Iceberg supports the following schema evolution changes:
- Add – add a new column to the table or to a nested struct
- Drop – remove an existing column from the table or a nested struct
- Rename – rename an existing column or field in a nested struct
- Update – widen the type of a column, struct field, map key, map value, or list element
- Reorder – change the order of columns or fields in a nested struct
Iceberg schema updates are metadata changes. Data files are not eagerly rewritten.
Note that map keys do not support adding or dropping struct fields that would change equality.
Iceberg guarantees that schema evolution changes are independent and free of side-effects:
- Added columns never read existing values from another column.
- Dropping a column or field does not change the values in any other column.
- Updating a column or field does not change values in any other column.
- Changing the order of columns or fields in a struct does not change the values associated with a column or field name.
Iceberg uses unique IDs to track each column in a table. When you add a column, it is assigned a new ID so existing data is never used by mistake.
- Formats that track columns by name can inadvertently un-delete a column if a name is reused, which violates #1.
- Formats that track columns by position cannot delete columns without changing the names that are used for each column, which violates #2.
Iceberg table partitioning can be updated in an existing table because queries do not reference partition values directly.

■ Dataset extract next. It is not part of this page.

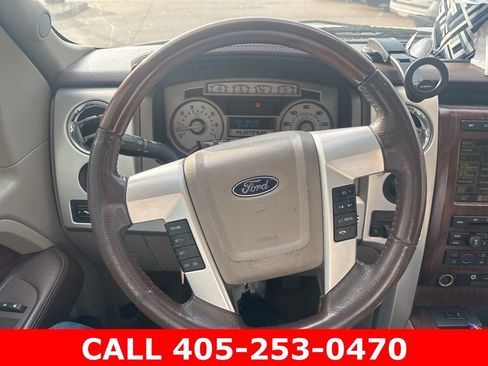 Used 2010 Ford F150 Platinum AWD/4WD image 9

When you evolve a partition spec, the old data written with an earlier spec remains unchanged. New data is written using the new spec in a new layout. Metadata for each of the partition versions is kept separately. Because of this, when you start writing queries, you get split planning. This is where each partition layout plans files separately using the filter it derives for that specific partition layout. Here’s a visual representation of a contrived example:
The data for 2008 is partitioned by month. Starting from 2009 the table is updated so that the data is instead partitioned by day. Both partitioning layouts are able to coexist in the same table.
Iceberg uses hidden partitioning, so you don’t need to write queries for a specific partition layout to be fast. Instead, you can write queries that select the data you need, and Iceberg automatically prunes out files that don’t contain matching data.
Partition evolution is a metadata operation and does not eagerly rewrite files.